Kevin Beaver's Security Blog

TikTok app privacy. Is it really a big deal?

I was recently interviewed for a news segment about privacy concerns over TikTok…is it a problem? What makes it different from typical social media data collection?

First off, I’m still trying to figure out more about the story behind TikTok bypassing Android’s controls and accessing MAC addresses….and why Google didn’t do anything about it and, really, why that exploit is available in the first place…That could be a big deal.

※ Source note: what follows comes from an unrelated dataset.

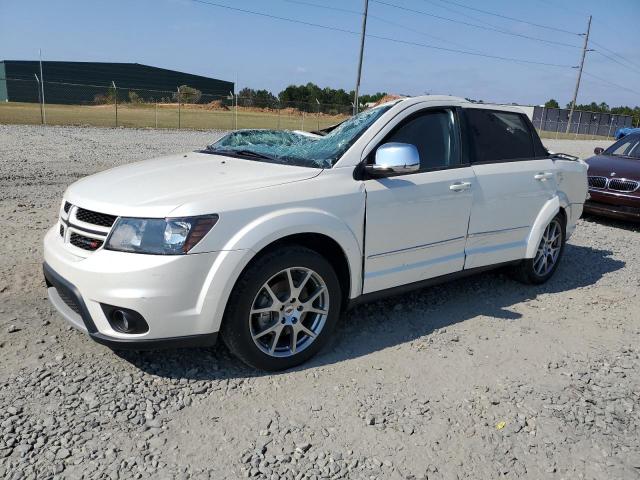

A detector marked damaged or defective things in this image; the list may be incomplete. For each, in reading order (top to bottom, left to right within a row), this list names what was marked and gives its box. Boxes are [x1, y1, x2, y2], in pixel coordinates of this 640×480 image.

shattered windshield [205, 103, 396, 169]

Beyond that, I’m not sure that it’s any different than the data collection concerns we’ve had of the mainstream tech giants. It’s probably not nearly as bad as some of the other rogue apps that often make their way onto the app stores. Perhaps President Trump has some additional intelligence on TikTok. If so, maybe it’s a legitimate concern. If not, this is likely more a political statement more than anything else, especially given the president’s record on flying by the seat of his pants decision-making.

Certain security issues have been uncovered in TikTok recently but those could be due to sloppy coding practices or lax security standards. Not unlike the recent security and privacy concerns with Zoom, it seems that TikTok is taking steps to address those issues.

For consumers and business IT security managers alike, it’s a good idea to see what permissions the TikTok app has on your phone – especially as it relates to contacts, messaging, and location data…even when the app is not running.

Knowing what I know from working in the field of information security, I think it could be argued that these concerns are reasonable. Still, it’s likely more of a distraction than anything else. Americans have much greater threats they’re facing in terms of privacy and liberty – one of which is their own government – local, state, and federal.